=== Section Start ===

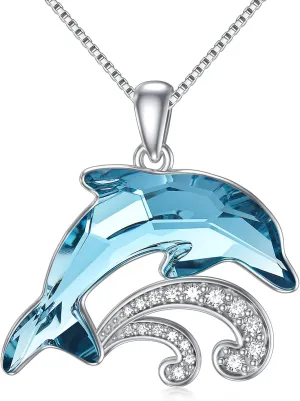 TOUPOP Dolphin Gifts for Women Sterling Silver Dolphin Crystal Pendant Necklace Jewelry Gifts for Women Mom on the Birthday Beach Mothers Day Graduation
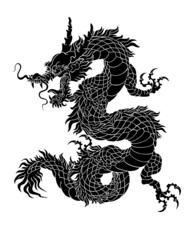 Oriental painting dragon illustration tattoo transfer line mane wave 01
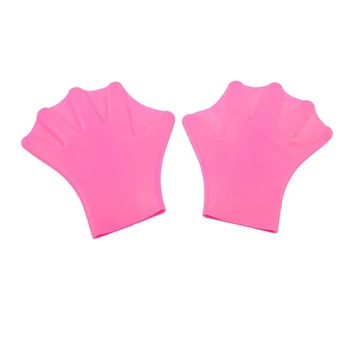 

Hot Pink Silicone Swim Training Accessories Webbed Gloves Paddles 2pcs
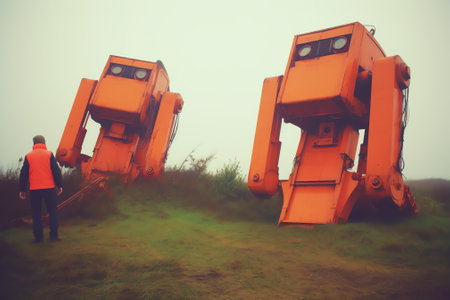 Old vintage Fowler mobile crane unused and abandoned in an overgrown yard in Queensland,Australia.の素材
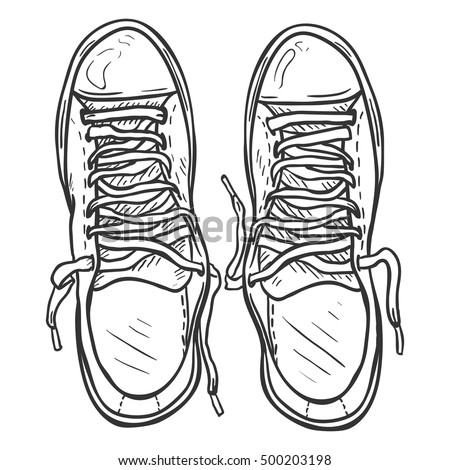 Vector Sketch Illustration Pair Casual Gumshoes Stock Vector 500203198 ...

=== Section End ===

> **Directions**: Output verbatim the lines beginning at the line with "Hot Pink Silicone" and ending at the last line of the material above, inclusive. Do not carry over any pictures.

> **Answer area**:
Hot Pink Silicone Swim Training Accessories Webbed Gloves Paddles 2pcs
 Old vintage Fowler mobile crane unused and abandoned in an overgrown yard in Queensland,Australia.の素材
 Vector Sketch Illustration Pair Casual Gumshoes Stock Vector 500203198 ...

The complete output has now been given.